# About Realvnc



## Fenrry (Jul 7, 2005)

Hya all, I was wondering if someone here would be so kind and lendme a hand on a small project.

I was looking for a way to stablish a connection between computers, I live in Canada running an Xp Pro machine, and I want to get connection to a machine running Win 98Se in Southamerica, now I was checking Realvnc, I liked the fact that is crossplatform, however my knowledge of p2p networking is as limited as Limewire, and the "small" guide on Realvnc's page didn't help me either.

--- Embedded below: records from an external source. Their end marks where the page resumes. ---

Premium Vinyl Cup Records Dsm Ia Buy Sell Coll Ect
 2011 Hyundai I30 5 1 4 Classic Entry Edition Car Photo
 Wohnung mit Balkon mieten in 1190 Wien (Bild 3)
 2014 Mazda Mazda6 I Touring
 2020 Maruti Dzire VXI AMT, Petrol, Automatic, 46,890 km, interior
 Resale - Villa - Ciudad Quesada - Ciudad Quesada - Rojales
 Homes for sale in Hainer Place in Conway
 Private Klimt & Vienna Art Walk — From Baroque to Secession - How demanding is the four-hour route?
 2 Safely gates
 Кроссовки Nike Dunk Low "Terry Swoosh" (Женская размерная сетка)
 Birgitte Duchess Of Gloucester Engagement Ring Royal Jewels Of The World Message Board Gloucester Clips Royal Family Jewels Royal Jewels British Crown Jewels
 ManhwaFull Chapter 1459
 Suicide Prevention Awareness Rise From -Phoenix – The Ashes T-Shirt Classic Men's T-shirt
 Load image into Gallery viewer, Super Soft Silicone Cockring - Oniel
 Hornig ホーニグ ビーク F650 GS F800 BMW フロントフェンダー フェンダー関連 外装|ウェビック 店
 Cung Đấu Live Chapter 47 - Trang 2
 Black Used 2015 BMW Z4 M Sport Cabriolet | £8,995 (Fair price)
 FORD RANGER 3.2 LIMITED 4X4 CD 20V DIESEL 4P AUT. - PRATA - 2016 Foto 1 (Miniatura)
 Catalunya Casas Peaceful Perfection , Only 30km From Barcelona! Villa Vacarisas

So I come here, hopefully any of you guys could help me to get this working.

Thks all.

H


----------



## root (Feb 3, 2006)

Fenrry said:


> Hya all, I was wondering if someone here would be so kind and lendme a hand on a small project.
> 
> I was looking for a way to stablish a connection between computers, I live in Canada running an Xp Pro machine, and I want to get connection to a machine running Win 98Se in Southamerica, now I was checking Realvnc, I liked the fact that is crossplatform, however my knowledge of p2p networking is as limited as Limewire, and the "small" guide on Realvnc's page didn't help me either.
> 
> ...


What're your requirements for the connection? Why not use Telnet or [Open]SSH?


----------



## Fenrry (Jul 7, 2005)

Root thx so much for your help, I will look over your suggestion and will work on it, I'll keep in touch.

Thx.

Fen


----------



## johnwill (Sep 26, 2002)

Have you looked at UltraVNC? I use it for customer support, and it works well on all Windows versions. It's also compatible with other VNC versions like RealVNC and TightVNC. TightVNC has recently started up development again, and it's a cross platform product that works with both Unix, Linux, and Windows, so it might be another option..


----------